Alcoa posts a surprise profit
ALCOA shares rose by around four per cent yesterday after the aluminium producer reported its first profit in a year in what Wall Street viewed as a bellwether of how industrial companies are recovering.
Five investment banks – Citigroup, Desjardins, UBS, RBC and S&P Research – raised Alcoa’s target stock price, a day after the company surprised the financial community which had expected it to report a fourth consecutive loss.
The stock rose 65 cents to $14.85 (£9.23) in early trading on the New York Stock Exchange yesterday.
Alcoa, the first member of the Dow Jones Industrials to report results for the latest quarter, attributed the profit to cost-cutting and higher prices.
The company, which has cut metal production by more than 20 per cent and cut its workforce by about 30 per cent since the economic downturn began a year ago, also said there were signs that key markets are stabilising.
Currently, analysts expect Alcoa to report a six cent per share profit in the fourth quarter and a loss of 83 cents per share for the full year 2009.
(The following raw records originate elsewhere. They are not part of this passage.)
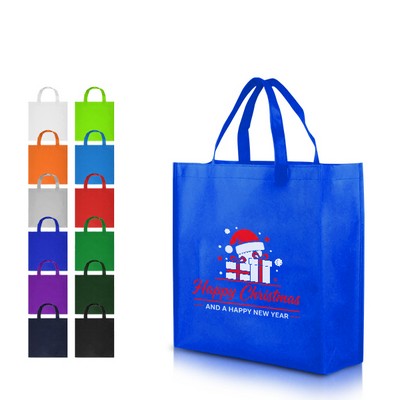 Eco Non Woven Large Foldable Grocery Tote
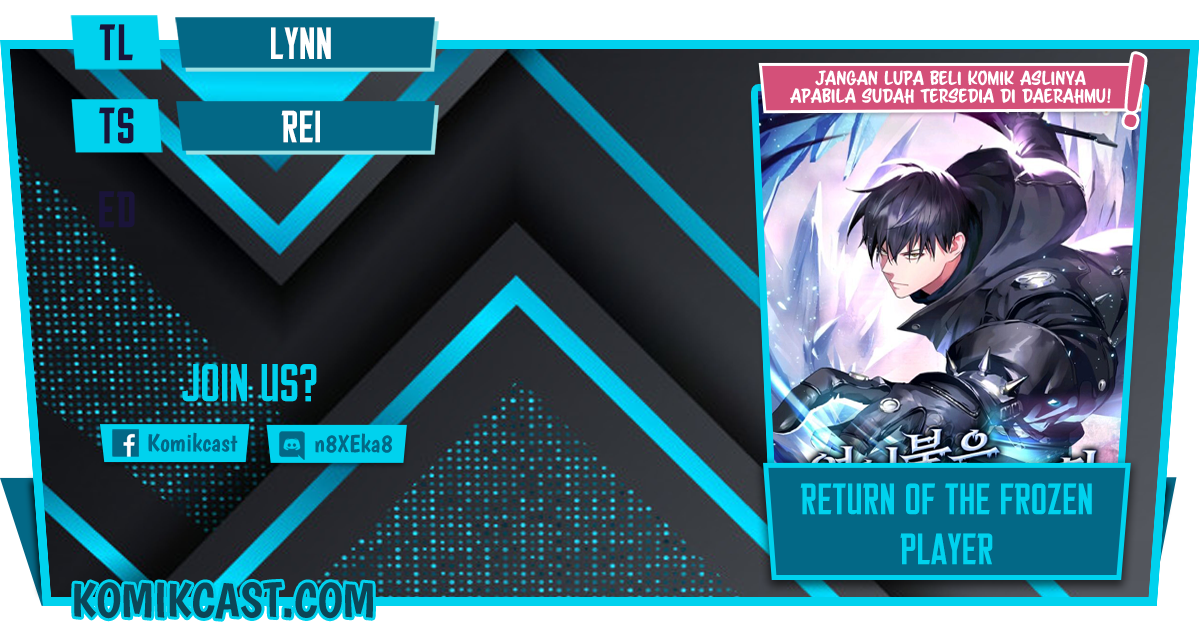 Baca Komik Return of the Frozen Player Chapter 05 Gambar 1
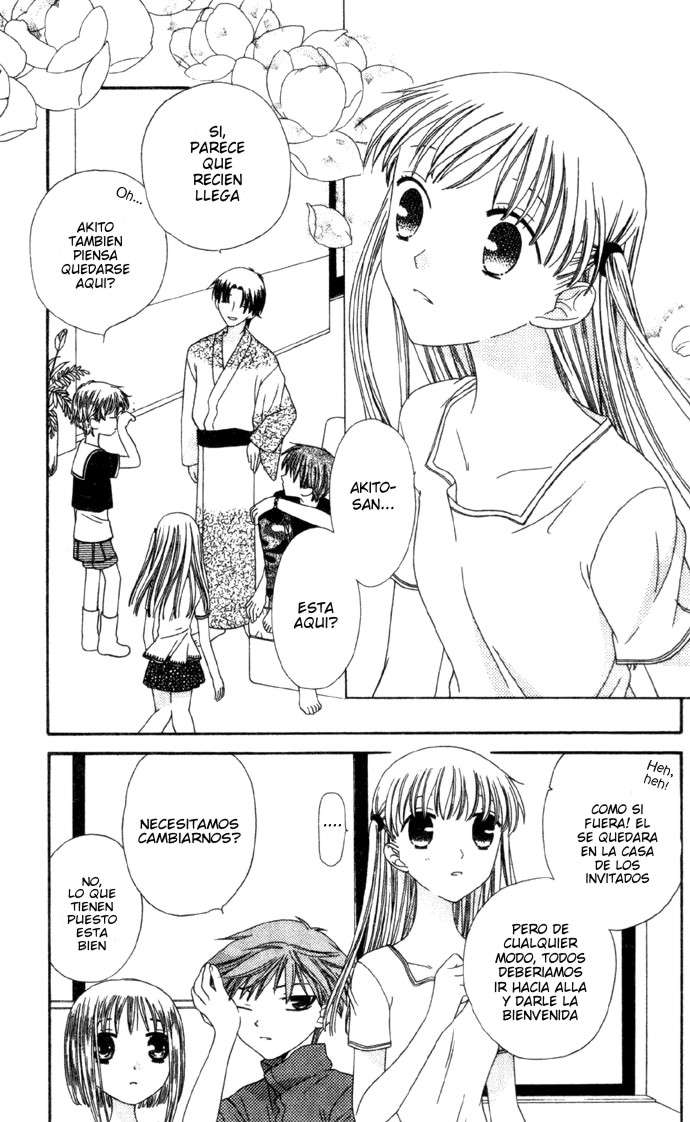 Read Fruits Basket (ES) Manga Online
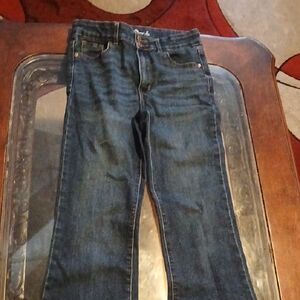 Classic Blue Denim Jeans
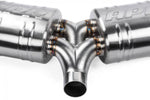 APR Axleback Exhaust System - MK7.5 GOLF R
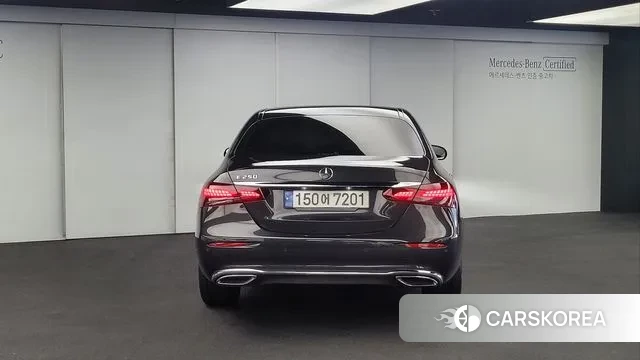 Mercedes-Benz E-Class W213 id 3645473 из Кореи 10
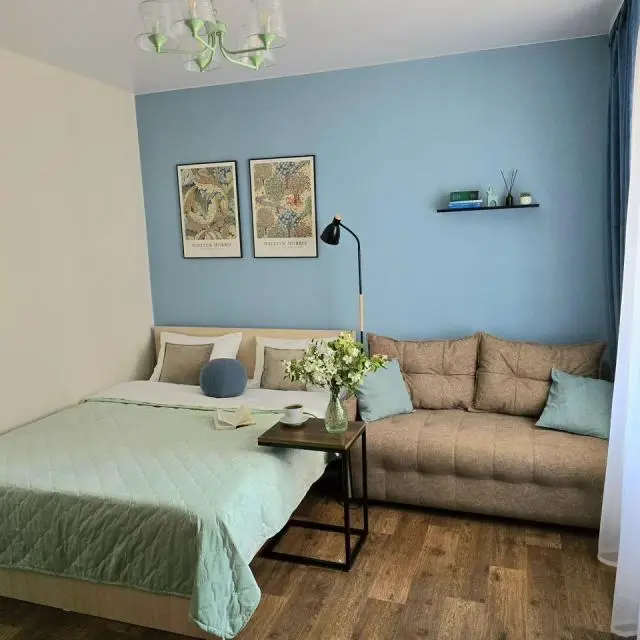 Real photos of Apartments at 47/2 Deputatskaya Street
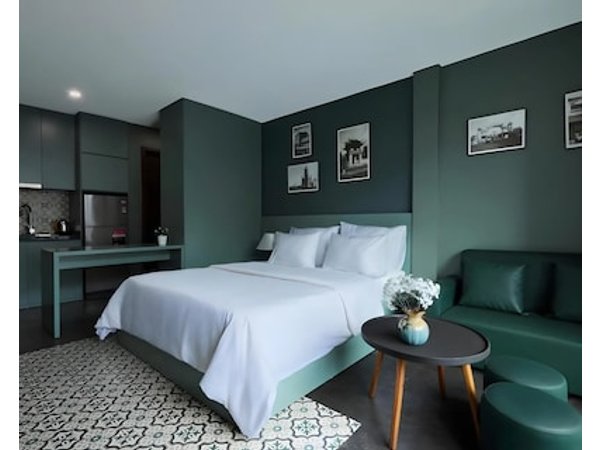 Ben's Premier Hotel & Apartment - Hanoi Center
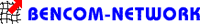 logo bencom-network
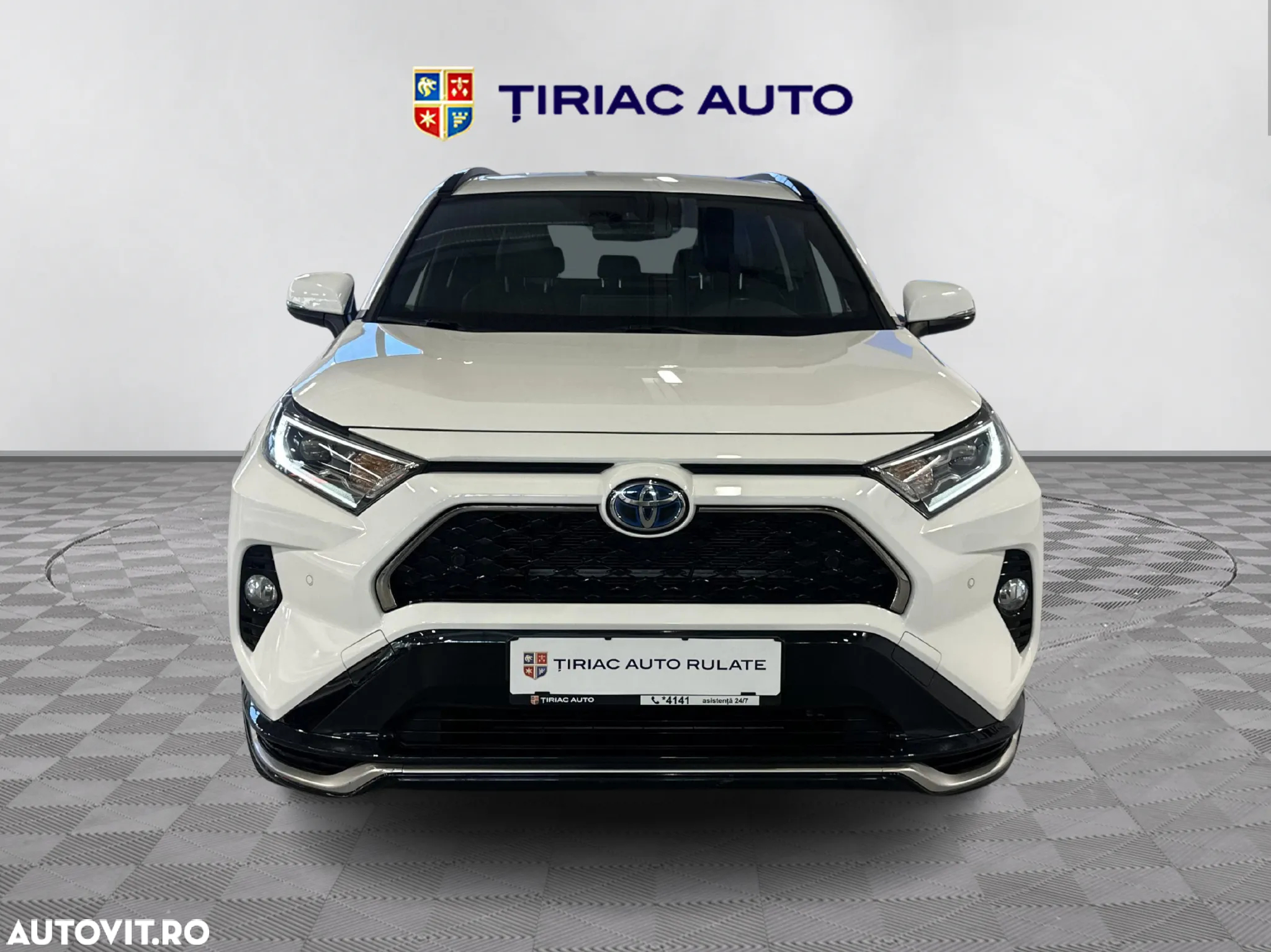 Toyota RAV4 Plug-in-Hybrid - 8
One analyst, Anthony Rizzuto of Dahlman Rose, revised his earnings estimate for 2009 to a loss of 81 cents a share from a loss of $1.10 per share. But he lowered his earnings estimate for full year 2010 to a profit of 35 cents per share from 50 cents a share.
“Given the aluminium realisation that the company experienced during the third quarter of 2009, we would have expected somewhat higher earnings, and free cash flow, but we believe that Alcoa continues to struggle with margins in its upstream and downstream businesses, given stubborn costs and weak end-market demand,” Rizzuto wrote in a research note.